- How to complete this task: Take the material below and output exactly the run of lines from the one containing "Afrobeats classic 🔥" down to the one containing "open.spotify.com/playlist/6yZb8…", with both included.

- Supplied material:
#####
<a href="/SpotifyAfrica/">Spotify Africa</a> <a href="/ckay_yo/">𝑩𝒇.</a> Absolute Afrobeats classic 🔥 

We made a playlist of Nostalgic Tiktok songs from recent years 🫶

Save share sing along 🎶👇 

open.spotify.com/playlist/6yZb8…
#####
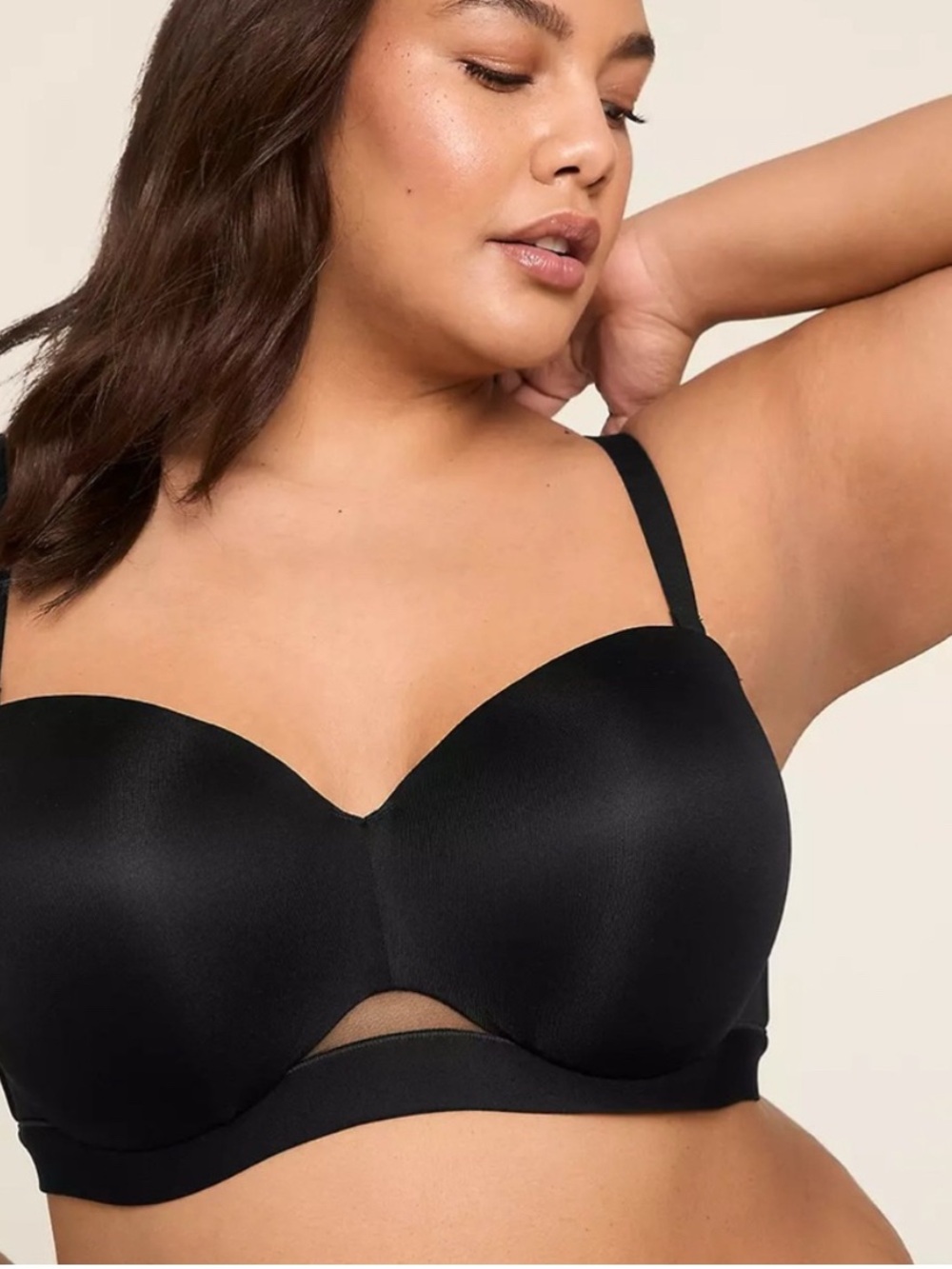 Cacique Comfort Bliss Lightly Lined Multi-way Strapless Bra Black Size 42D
#####
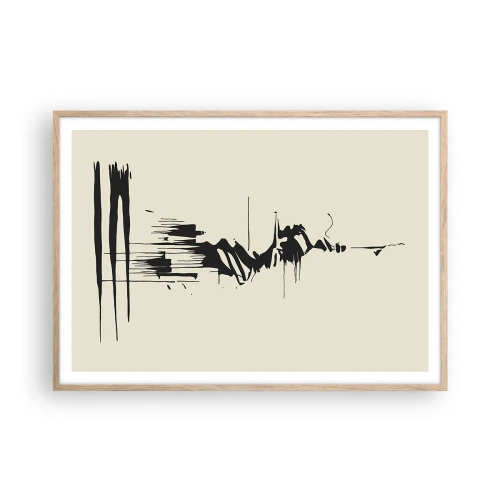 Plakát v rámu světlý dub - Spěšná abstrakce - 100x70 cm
#####
- Exercise output:
<a href="/SpotifyAfrica/">Spotify Africa</a> <a href="/ckay_yo/">𝑩𝒇.</a> Absolute Afrobeats classic 🔥 

We made a playlist of Nostalgic Tiktok songs from recent years 🫶

Save share sing along 🎶👇 

open.spotify.com/playlist/6yZb8…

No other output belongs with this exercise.